Though Kansas University’s 76-59 women’s basketball victory over Alabama A&M Friday night at Allen Fieldhouse might not go down as one of the most important or memorable victories in coach Bonnie Henrickson’s career, she certainly won’t forget the significance of the outcome.
Jayhawks seniors Carolyn Davis, Angel Goodrich and Monica Engelman presented the ninth-year KU coach with the game ball after Henrickson won the 300th game of her coaching career.
Never one to butter up her team after an easy nonconference victory, Henrickson said afterward a “prettier” win would have been nice. But she admitted the milestone meant a lot and gave credit to the people who made it possible.
“I’ve been really, really blessed in my career to coach really, really talented players,” Henrickson said. “I think back on all the great players and great people I’ve had the opportunity to work with every day, then you throw on top of that great (assistant) coaches who are head coaches now, who are big-time assistants … and I’ve had great administrators who care about women’s basketball and provide great resources to help us be successful.”
The 22nd-ranked Jayhawks (4-0) didn’t find out their coach was in line for a 300th win until hours before the game. After Davis scored 19 points in 20 minutes, the senior forward said Henrickson’s passion for basketball has made her successful.
“She’s been doing this a long time, and she reminds us about that all the time,” Davis said of Henrickson, who now holds a 142-121 mark in her time at KU after amassing a 158-62 record in seven seasons at Virginia Tech.
“She won’t steer us wrong,” Davis added. “She tells us what we need to know. She’s great at her job.”
Goodrich, who scored 15 points and passed out a game-high eight assists against the Bulldogs (1-3), said Henrickson’s attention to details and dedication have helped her reach this point.
“She’s determined. She is always workin’, workin’, workin’. No matter what,” Goodrich said. “She like never sleeps. She does everything she can to make us prepared, and that’s what makes her so special.”
Kansas took a 40-31 lead into halftime behind 11 first-half points from Davis and 10 from Goodrich, who contributed a combined 7-for 14 shooting effort to the Jayhawks’ 50-percent field-goal percentage in the first 20 minutes.

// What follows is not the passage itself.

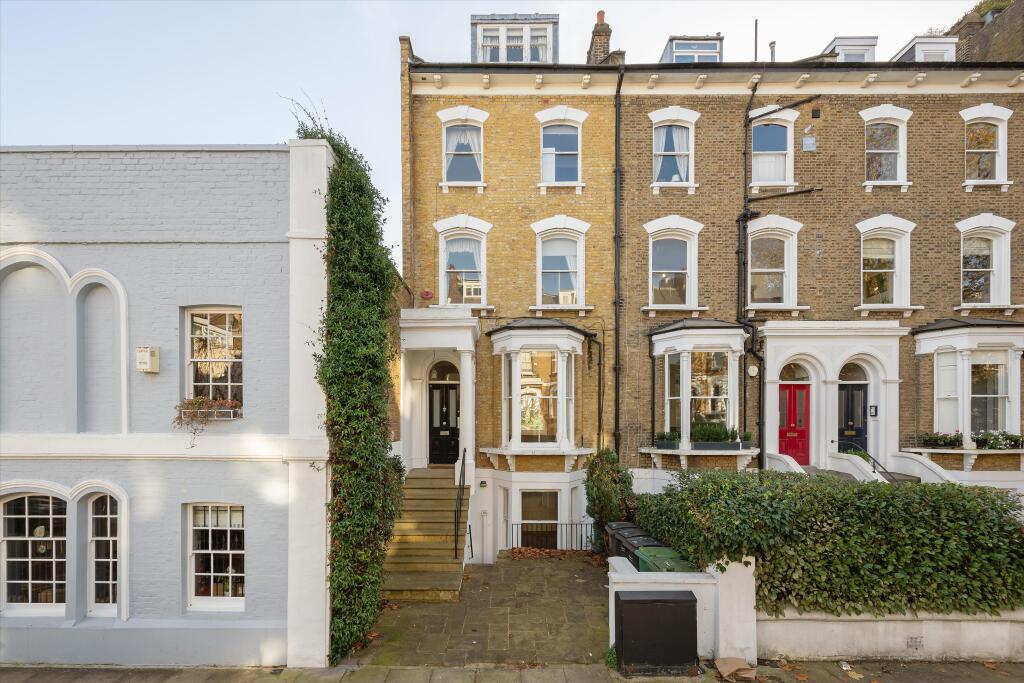 Main image of property: Steeles Road, Belsize Park, London NW3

Unlike some recent games, though, the senior duo’s dominance benefited from some complimentary output from the rest of their teammates. All nine Jayhawks who played in the first half made at least one field goal, including two apiece from senior guard Engelman and sophomore substitute guard Asia Boyd. Back-ups Chelsea Gardner, Bunny Williams and CeCe Harper all knocked down a first-half shot, as did starters junior forward Tania Jackson and sophomore guard Natalie Knight.
The balanced effort didn’t help KU pull away from Alabama A&M, though, because the Bulldogs shot 14-for-30 from the floor (46.7 percent) and matched the Jayhawks’ 22 points in the paint in the first half.
Those trends continued somewhat in the second half. While KU dominated the battle of the boards, 49-23, against A&M in the first game between the two programs, the Bulldogs’ 38 points in the paint and 26-for-58 shooting (44.8 percent) for the game didn’t please Henrickson (Kansas scored 50 in the paint and made 32 of its 67 shots).
“We can’t be a team that just wants to be pretty on the offensive end,” the coach said, “and hope people don’t score on the defensive end. We played a lot like that in the first half.”
Engelman led the team with eight rebounds, passed out five assists and scored six points. Knight hit four of her five shot attempts (she made one of her two three-point tries) and finished with nine points. Boyd scored seven points and had a career-best seven rebounds.
The Jayhawks have their first road game of the season Sunday at Creighton (2-1) in Omaha, Neb.